Have you updated the network adapter drivers? Having to disable/enable sounds like it might be the drivers.


----------



## zomg (Dec 2, 2006)

That I have but the problem persists. 

Turns out I didn't have to run the diagnostic tool after all. Just needed a little patience.

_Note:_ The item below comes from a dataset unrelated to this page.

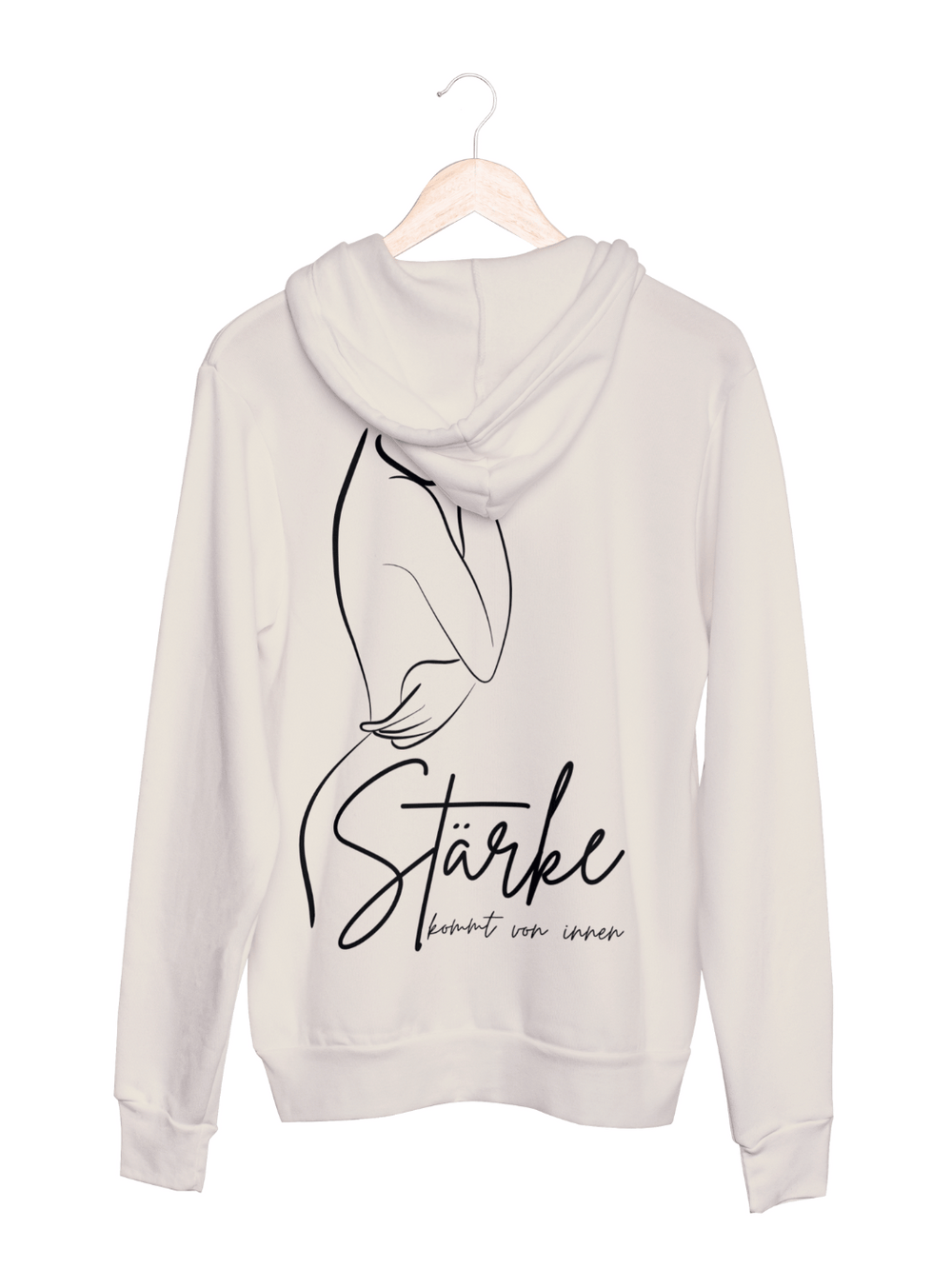 STÄRKE Hoodie slimfit offwhite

It would be great if there was a way to connect solely to a specific network and maintain that connection. The real issue is that, upon booting, I'm connected to multiple networks (that is two) instead of just my own one. That's why I have to disable and enable.


----------



## JohnWill (Oct 19, 2002)

You can only connect to a single wireless network at one time, so I'm not sure what you're saying here.


----------



## zomg (Dec 2, 2006)

Hmm, allow me to demonstrate it with a picture then:

This is my network situation after booting a.k.a. the problem.


----------



## JohnWill (Oct 19, 2002)

Let's see an IPCONFIG /ALL from that machine.

BTW, I misspoke anyway. You can indeed connect to multiple wireless networks if you have multiple wireless adapters, I just figured you didn't have more than one. 

Your initial IPCONFIG /ALL didn't show any wireless adapters, just one wired connection.


----------



## zomg (Dec 2, 2006)

Actually, that ipconfig /all was from that machine at the point of trouble.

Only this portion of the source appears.